* ACTIVITY *
Word for word, restate the entries below and exclude every image.
Top of PROVIDED RECORDS
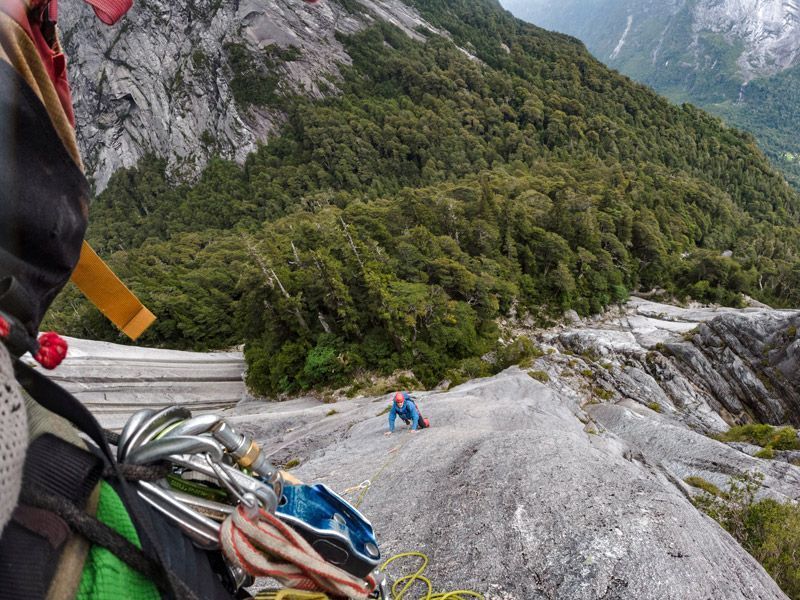 Mehrseillängenklettern in Cochamó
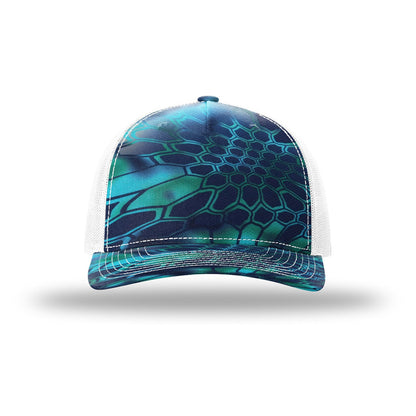Custom - Richardson 112PFP Camo Trucker - Kryptek Pontus / White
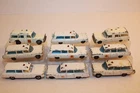 Nine (9) Vintage 1960's Matchbox Lesney Ambulance Cars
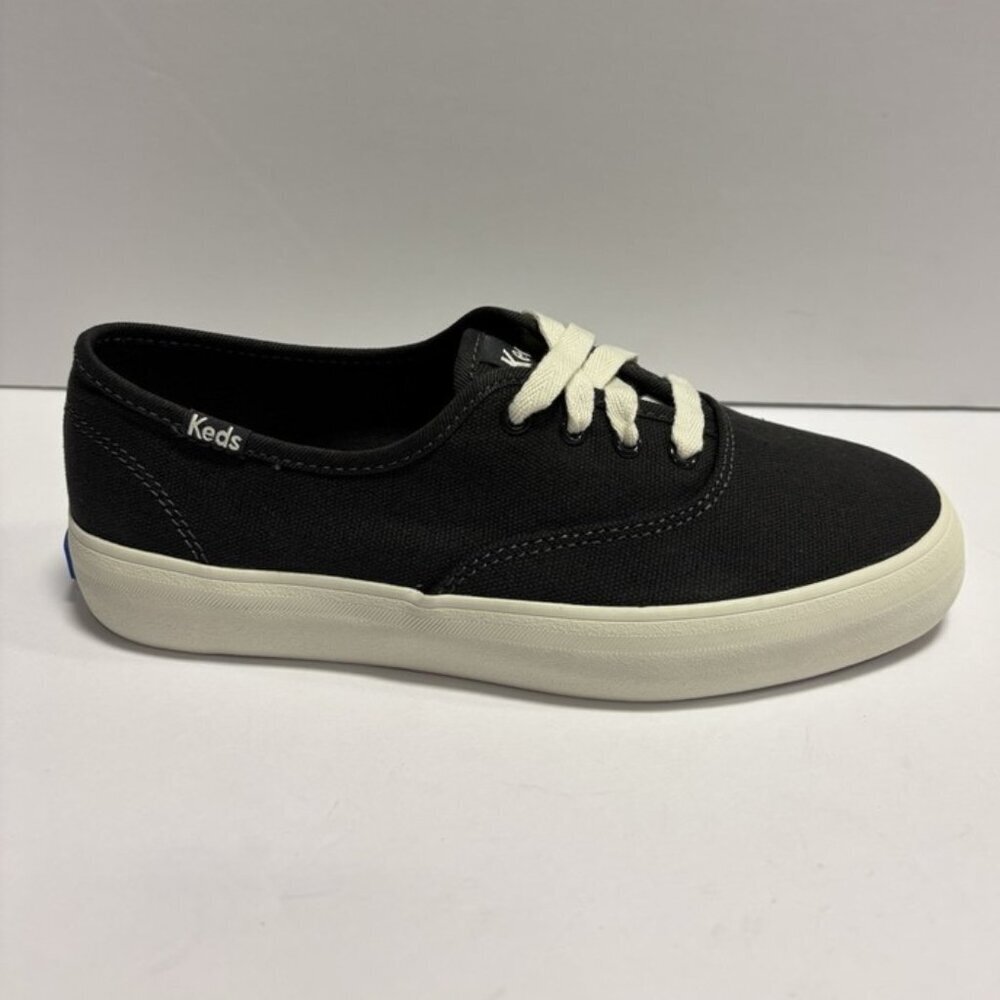 Keds Women’s Champion Canvas Sneakers Black, Size 6.5 Wide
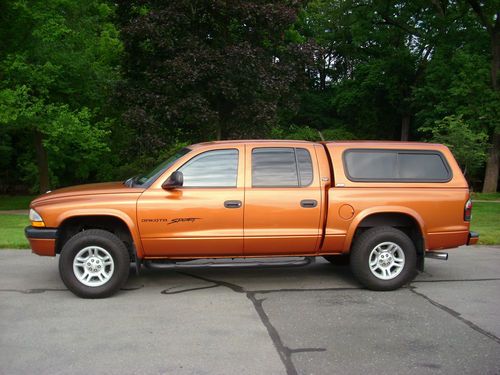 2001 dodge dakota sport crew cab pickup 4-door 4.7l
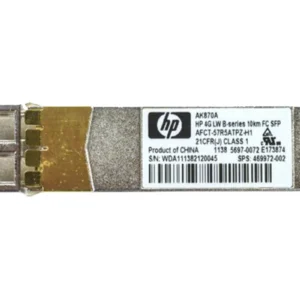 HP AK870AR B-Series 4Gb/s SMF LW Fibre Channel 1310nm Duplex LC Connector SFP Transceiver Module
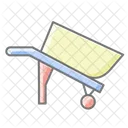 Wheelbarrow Awesome Lineal Style Iconscience And Innovation Pack Icon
Bottom of PROVIDED RECORDS
* RESPONSE TO THIS TASK *
 Mehrseillängenklettern in Cochamó
Custom - Richardson 112PFP Camo Trucker - Kryptek Pontus / White
 Nine (9) Vintage 1960's Matchbox Lesney Ambulance Cars
 Keds Women’s Champion Canvas Sneakers Black, Size 6.5 Wide
 2001 dodge dakota sport crew cab pickup 4-door 4.7l
 HP AK870AR B-Series 4Gb/s SMF LW Fibre Channel 1310nm Duplex LC Connector SFP Transceiver Module
 Wheelbarrow Awesome Lineal Style Iconscience And Innovation Pack Icon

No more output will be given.